- Opening Delimiter -

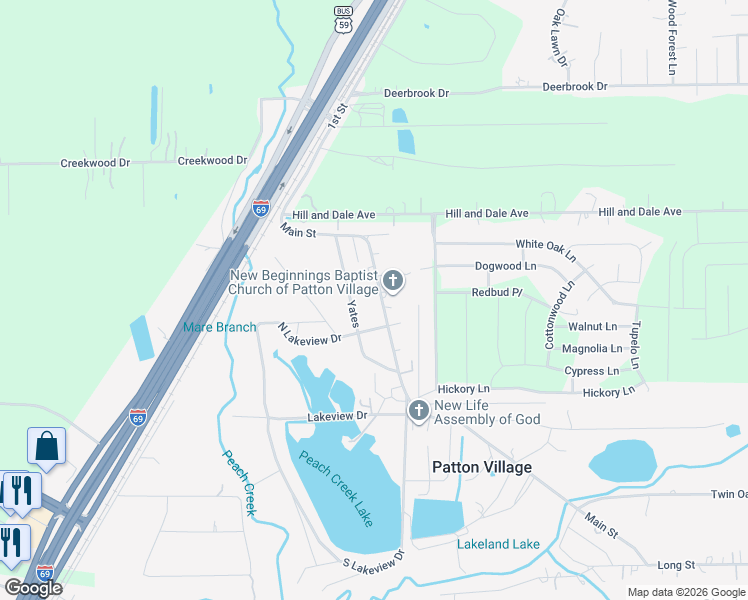 map of restaurants, bars, coffee shops, grocery stores, and more near 16740 Main St in Splendora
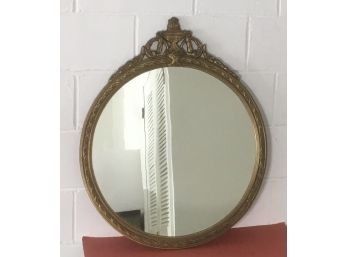 Antique Gold Gilded Round Mirror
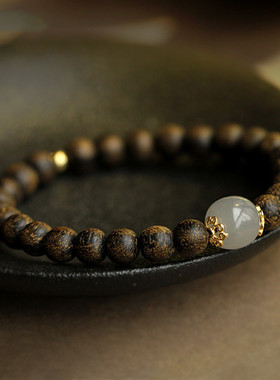 天然沉香单圈圆珠手链DIY原创手工搭配和田玉手串男女款简约时尚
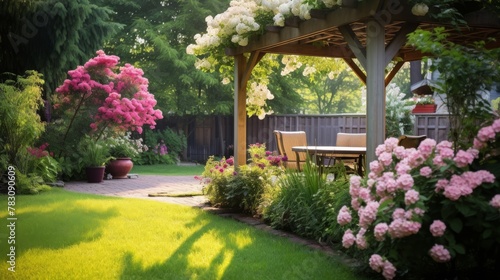 Backyard adorned with floral arbor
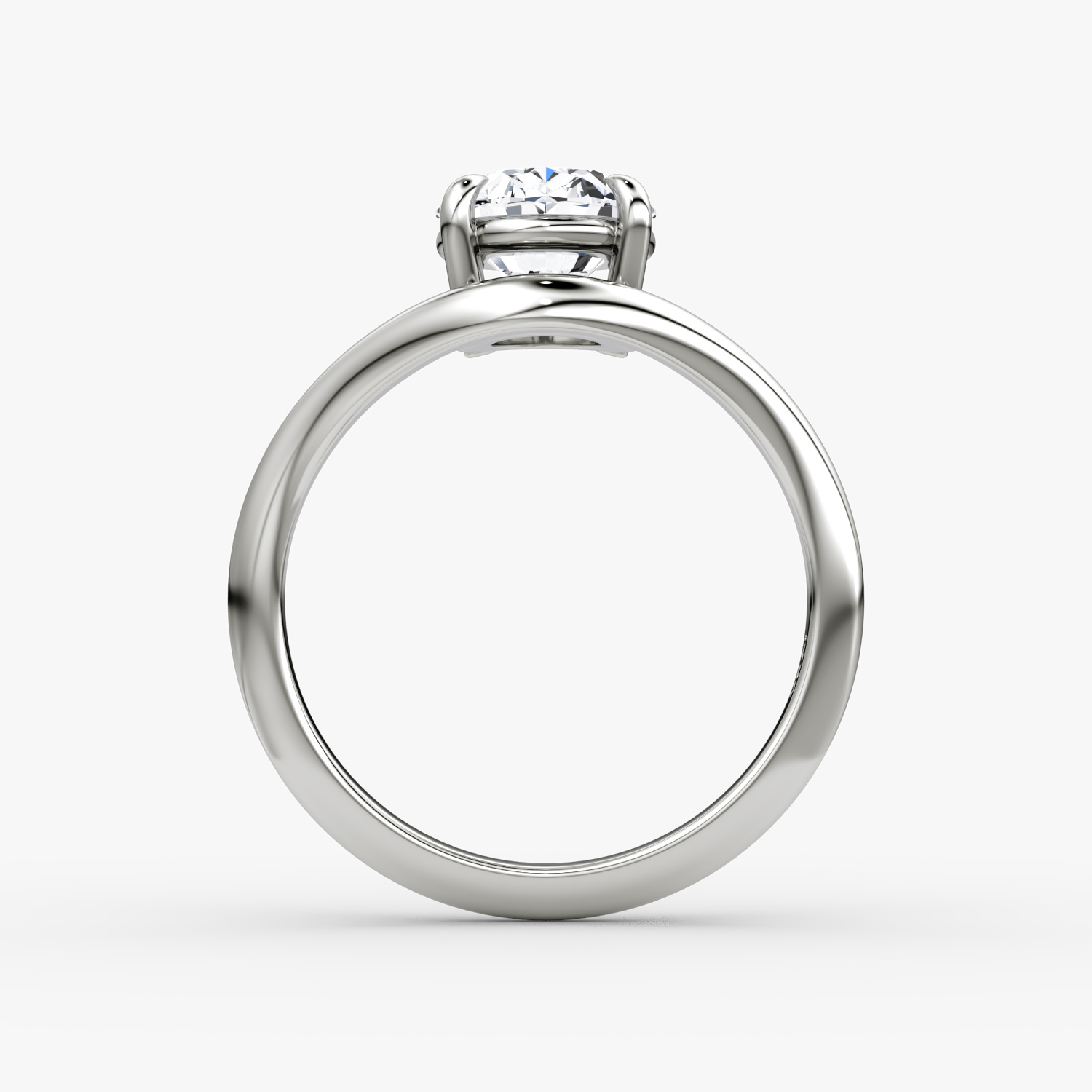 The Curve | Oval | Platinum | bandAccent: Plain | diamondOrientation: vertical | caratWeight: other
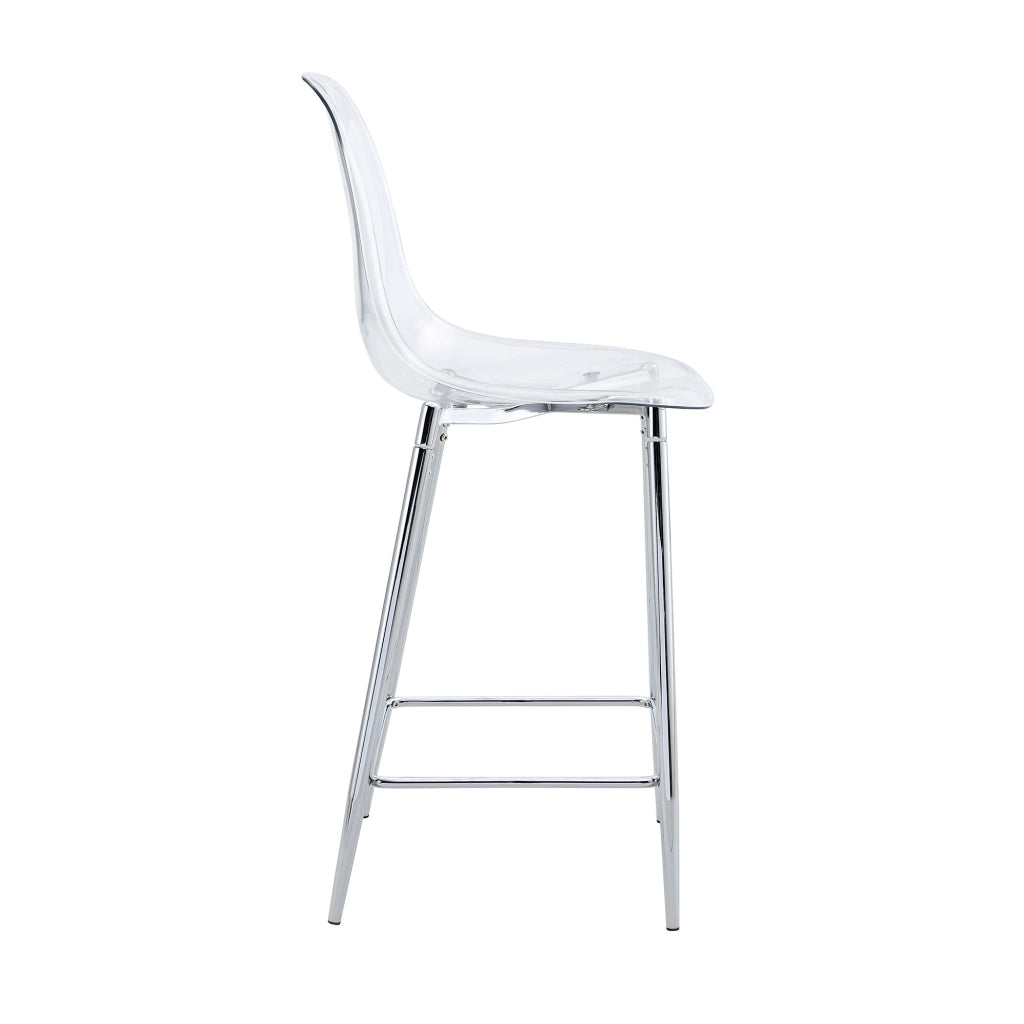 Sgabello da bar trasparente con struttura in metallo, design moderno, per cucina e zona pranzo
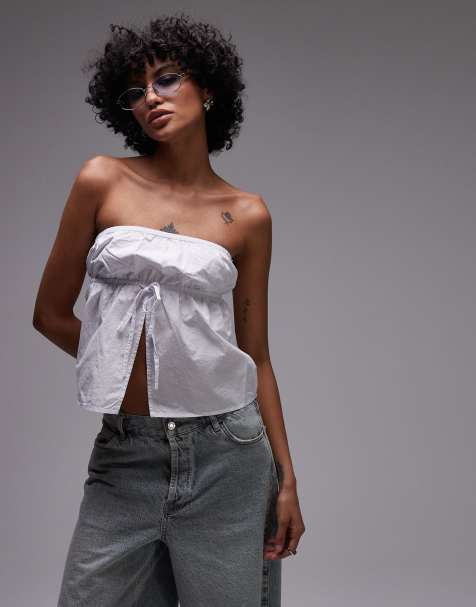 Rhythm - Posie - Top froncé sans bretelles - Blanc - view 1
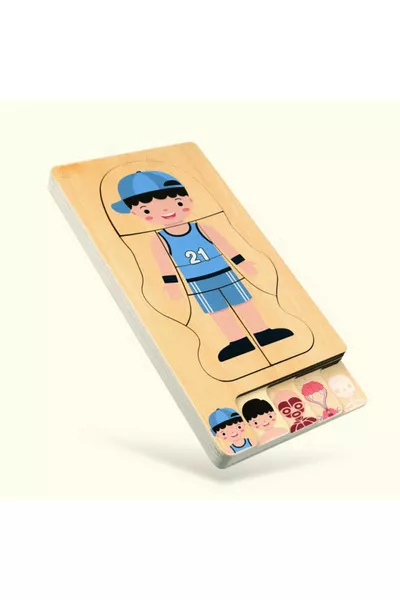 بازل خشبي لتعلم الجسد البشري للأطفال من نوع مونتيسوري وفالدفورف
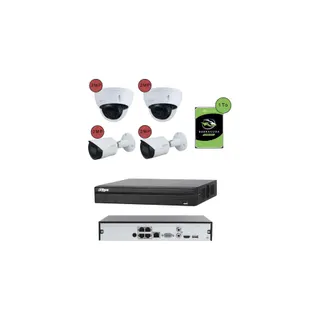 Caméra de sécurité KOMELEC Kit vidéosurveillance IP 2 dôme 2 bullet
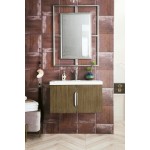 Columbia 31.5" Single Vanity Cabinet, Latte Oak w/ White Glossy Composite Top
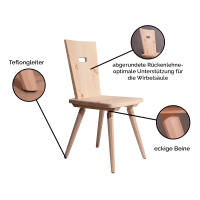 Eleganter Stuhl  Pristine | Vollholz | Griff rechteckig |...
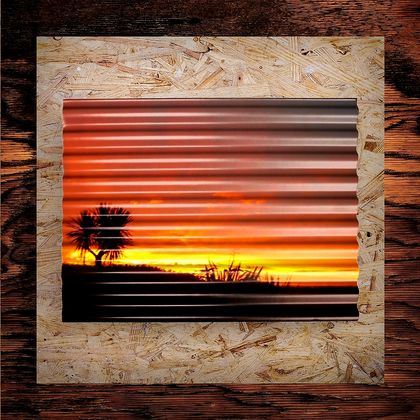 Corrugated iron - A2 Hokitika golden sunset photo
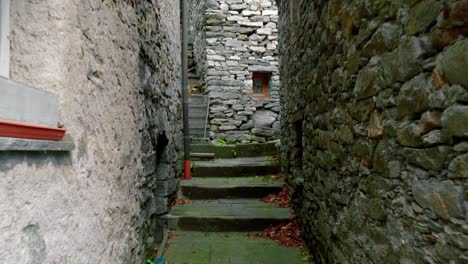A-walk-through-video-of-the-stone-houses-in-the-village-of-Cavergno,-located-in-Vallemaggia-district-in-the-canton-of-Ticino-in-Switzerland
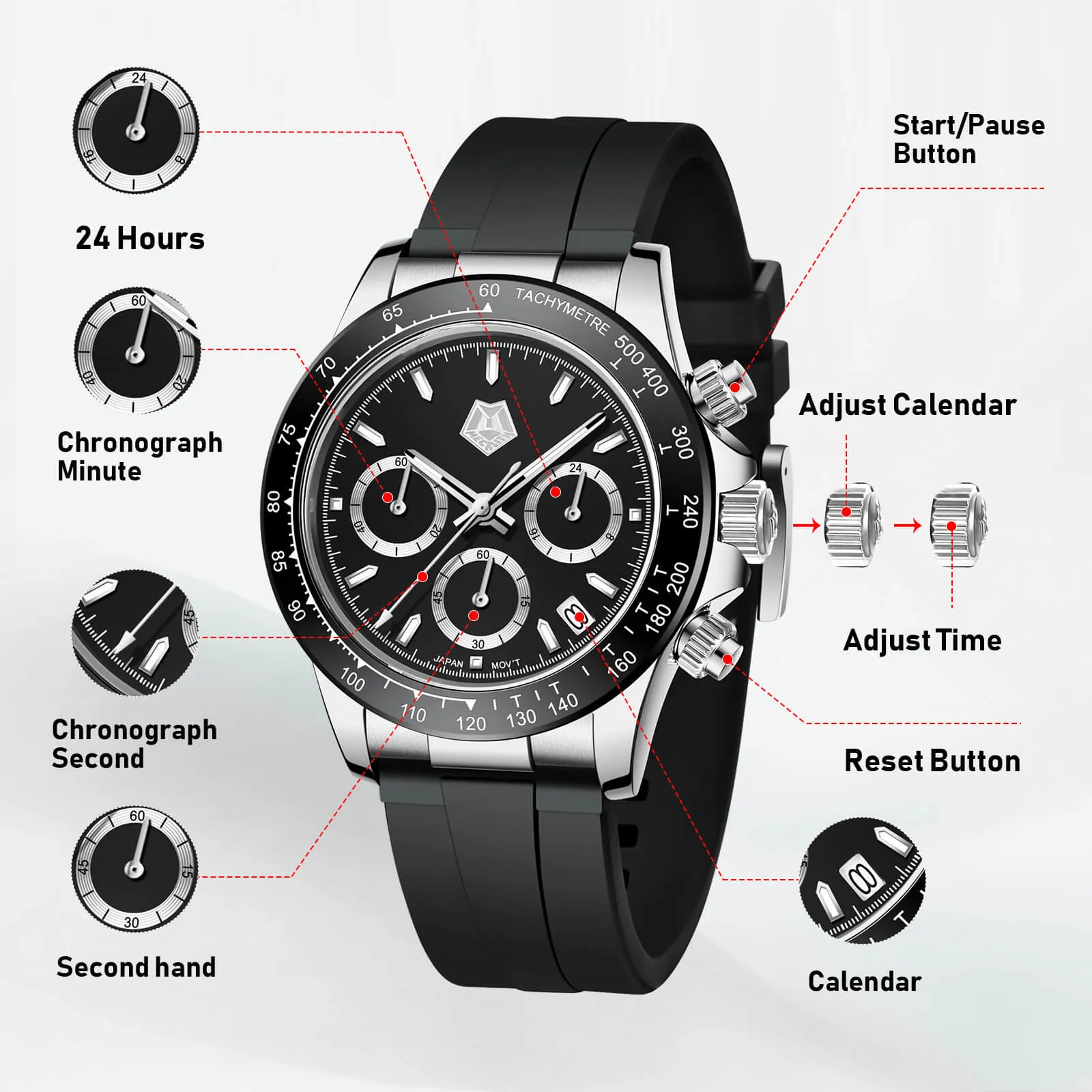 Chronograph Watch | Rubber Band | 8389M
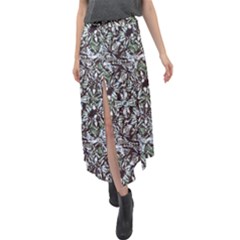 Intricate Textured Ornate Pattern Design Velour Split Maxi Skirt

- Closing Delimiter -

Exercise objective: Start at the top line above and repeat the records verbatim, leaving images out.

Your response:
 map of restaurants, bars, coffee shops, grocery stores, and more near 16740 Main St in Splendora
 Antique Gold Gilded Round Mirror
 天然沉香单圈圆珠手链DIY原创手工搭配和田玉手串男女款简约时尚
 Backyard adorned with floral arbor
 The Curve | Oval | Platinum | bandAccent: Plain | diamondOrientation: vertical | caratWeight: other
 Sgabello da bar trasparente con struttura in metallo, design moderno, per cucina e zona pranzo
 Rhythm - Posie - Top froncé sans bretelles - Blanc - view 1
 بازل خشبي لتعلم الجسد البشري للأطفال من نوع مونتيسوري وفالدفورف
 Caméra de sécurité KOMELEC Kit vidéosurveillance IP 2 dôme 2 bullet
 Columbia 31.5" Single Vanity Cabinet, Latte Oak w/ White Glossy Composite Top
 Eleganter Stuhl  Pristine | Vollholz | Griff rechteckig |...
 Corrugated iron - A2 Hokitika golden sunset photo
A-walk-through-video-of-the-stone-houses-in-the-village-of-Cavergno,-located-in-Vallemaggia-district-in-the-canton-of-Ticino-in-Switzerland
 Chronograph Watch | Rubber Band | 8389M
 Intricate Textured Ornate Pattern Design Velour Split Maxi Skirt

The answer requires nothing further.